A blog about the Edwardian era in the UK - objects, buildings, people, literature, film and all other aspects of the Edwardian era (covering 1901-1919)
Saturday, 28 April 2012
HMS Saxifrage, Anchusa class Sloop, 1918
Located on the River Thames in London, close to Blackfriars Station and moored behind the WW2 equivalent (HMS Wellington in case you were wondering), is this very rare survivor from the First World War. Launched in 1918 at the Lobnitz & Company Shipyard in Renfrew, Scotland, HMS Saxifrage was an Anchusa class Sloop which were built as Q Ships.
Q Ships were used in the fight against the German U boat threat. To comply with various laws (as well as the fact U boats didn't carry many torpedoes, so it was easier to sink an unarmed ship with shell fire), U boats tended to surface to warn a merchant ship and give the crew time to escape in Lifeboats before the U boat would open fire with a gun mounted on the deck to sink the ship. A Q Ship was a Royal Navy Warship, disguised to look like a civilian ship, and play along with the U boat's intentions, until side panels and cargo would fall away to show an array of armament, which would be used to sink the surfaced, and unprepared, U boat.

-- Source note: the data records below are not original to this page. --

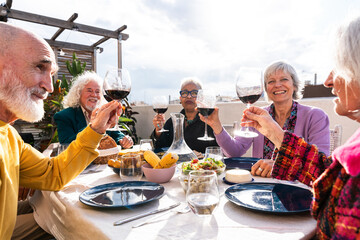Group of happy senior friends bonding at home for dinner party - Cheerful and youthful old mature multiethnic people having fun and dining on a rooftop terrace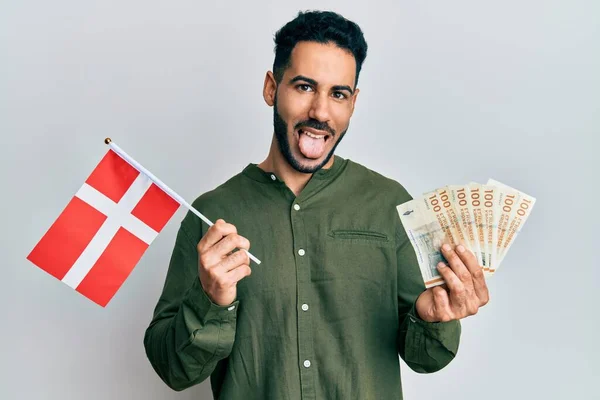 Młody Hiszpan Trzymający Flagę Denmarkową Banknoty Koronowe Wystające Języka Szczęśliwy — Zdjęcie stockowe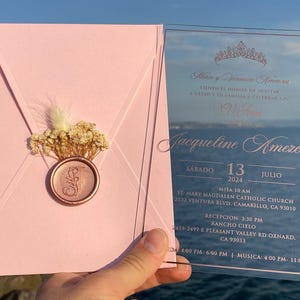 Pode incluir: Um convite de quincea&ntilde;era em acr&iacute;lico rosa e transparente. O convite apresenta uma coroa, o nome Jacqueline Amezcua e a data de s&aacute;bado, 13 de julho de 2024. O convite tamb&eacute;m inclui detalhes sobre a missa e a recep&ccedil;&atilde;o.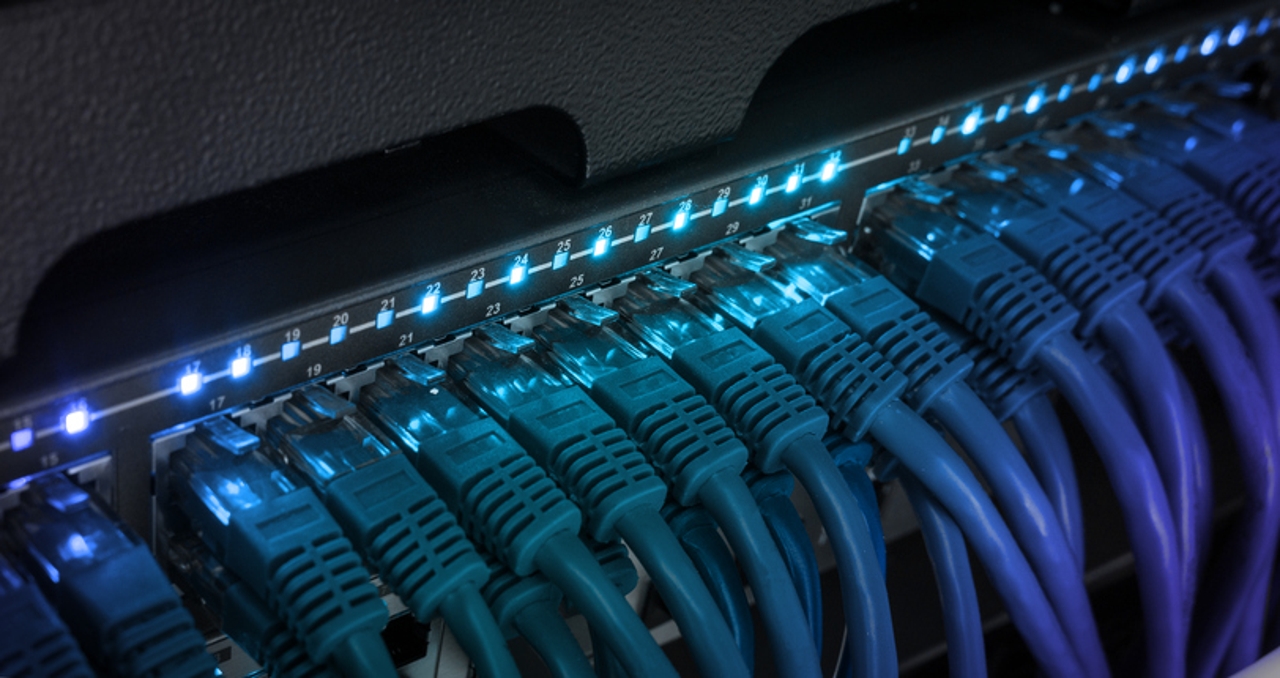 data center network switch with glowing cables - The Year of 100GbE in Data Center Networks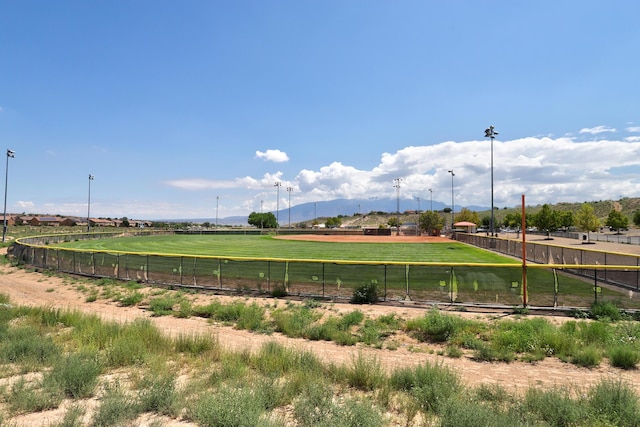 15 Los Miradores Dr NE, Rio Rancho, NM 87124 - surrounding community with fence, a view of countryside, and a mountain view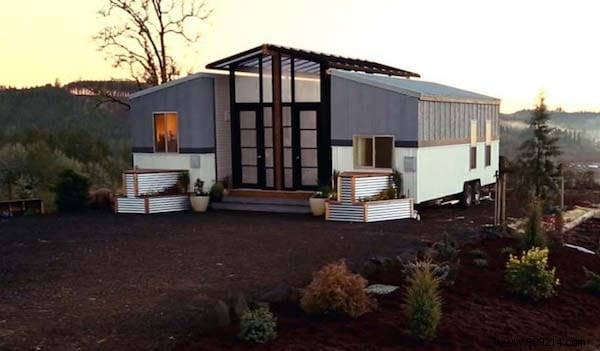 This Beautiful House Is Actually Made Up Of Two Tiny Houses Connected To Each Other By A Veranda. 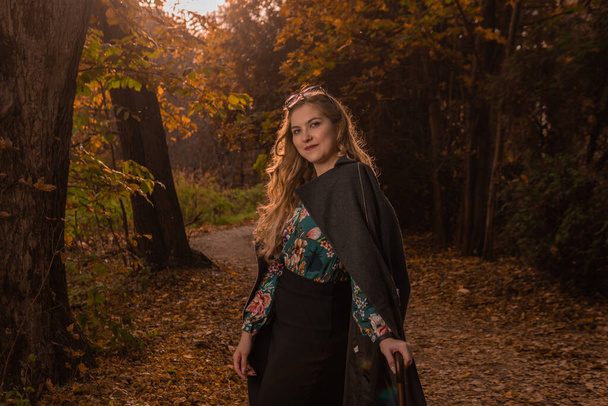 A beautiful young girl in a black cloak stands in glasses chameleons in the fall. Yellow forest, green grass, blonde. smiling at camera urban life concept - Фото, зображення
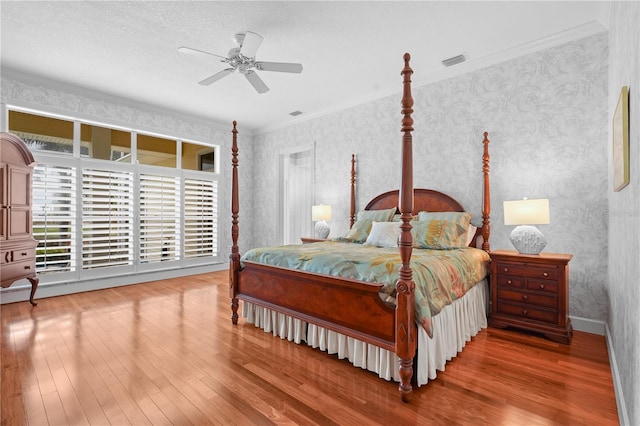 bedroom featuring baseboards, crown molding, hardwood / wood-style floors, and wallpapered walls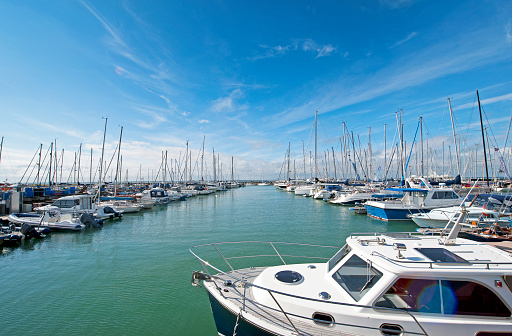 Regatta yachts fill the berths under a sunny blue sky along the pontoons in Yarmouth harbour marina before their racing weekend along the Solent, seen from the harbour side, Yarmouth, Isle of Wight, England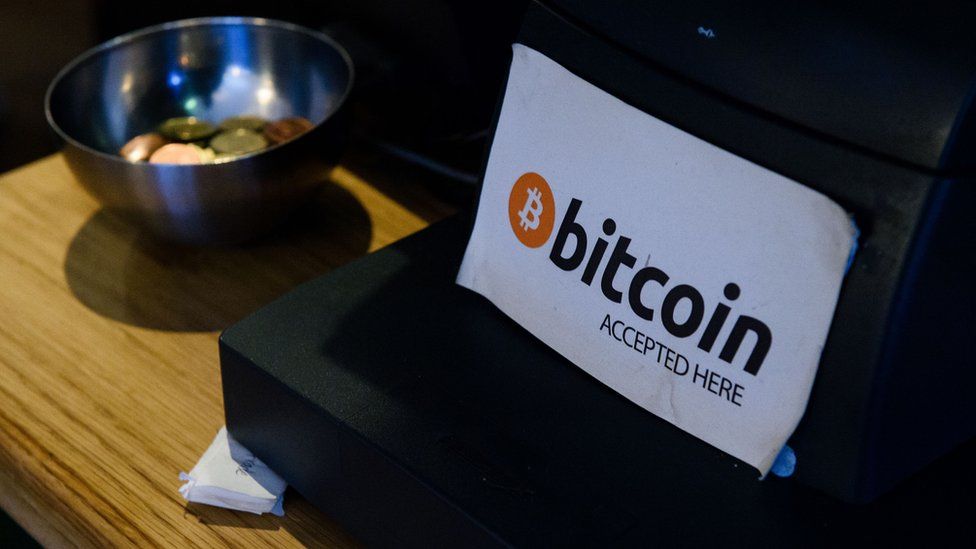 A Bitcoin sign at a cash register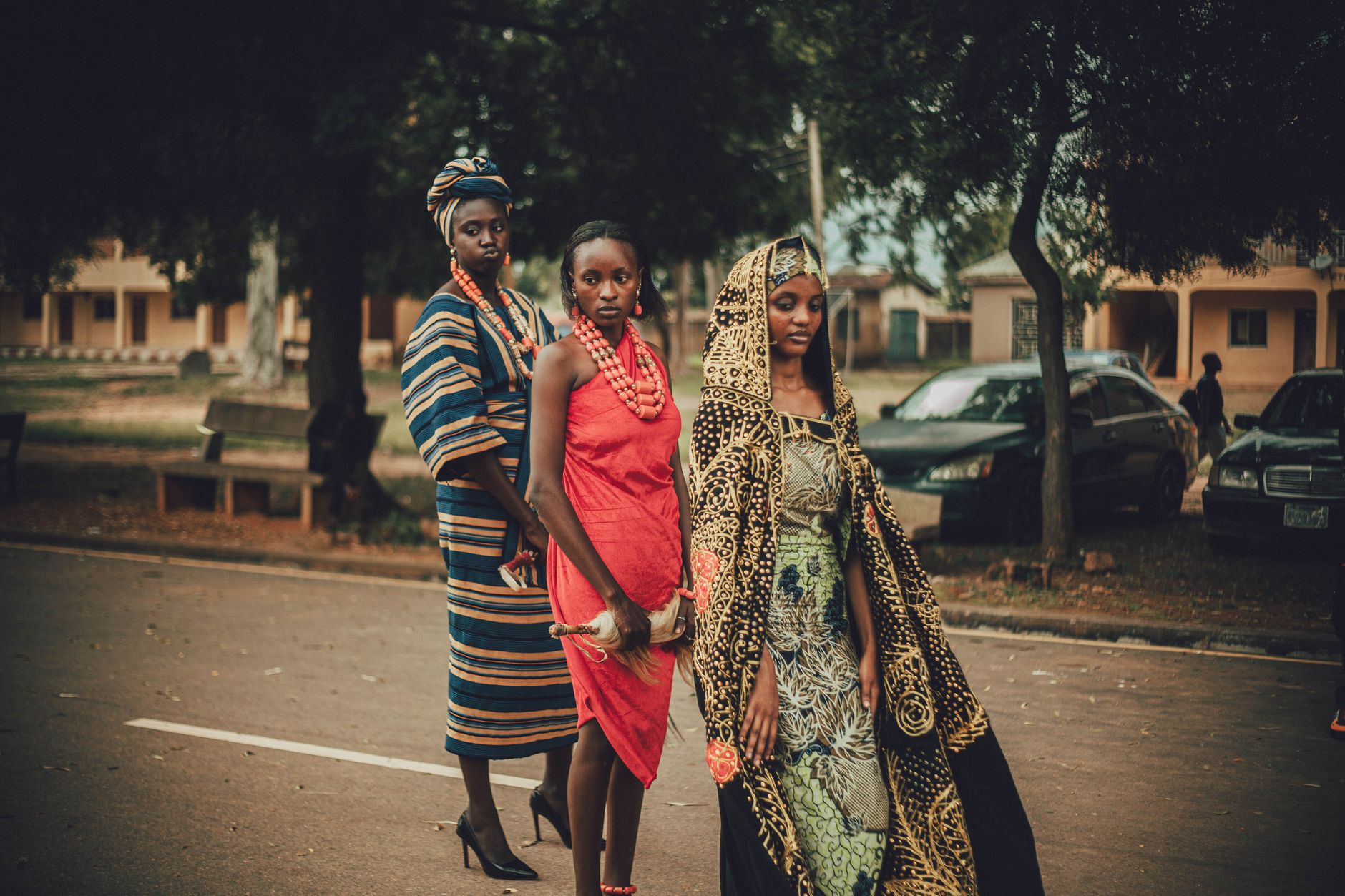 Three women showcasing traditional African attire in a street scene, emphasizing cultural heritage.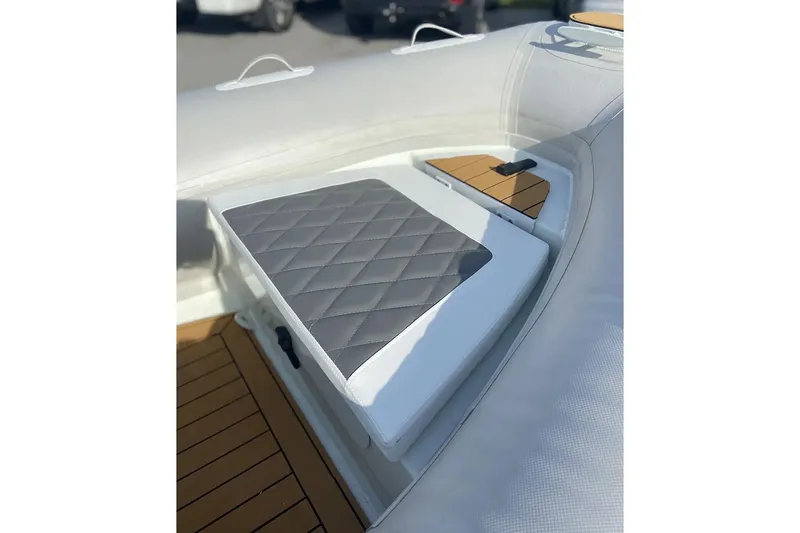 Slide: The Image of Manufacturer Provided Image: 2025 East Marine 360 boat interior with cushioned seating and wooden flooring. - 11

Around 200 Q Ships were used by the Royal Navy in the First World War, and they sank 14 U boats and damaged another 60, with a cost of 27 Q Ships lost. HMS Saxifrage was moored on the Thames after the war and used as a drill ship, for which it was renamed HMS President, a name it retains to today. Above deck it looks very different from when it was in service. I've been aboard, and although I have no images, below deck you can get a real feel for what it would have been like aboard HMS Saxifrage in the First World War.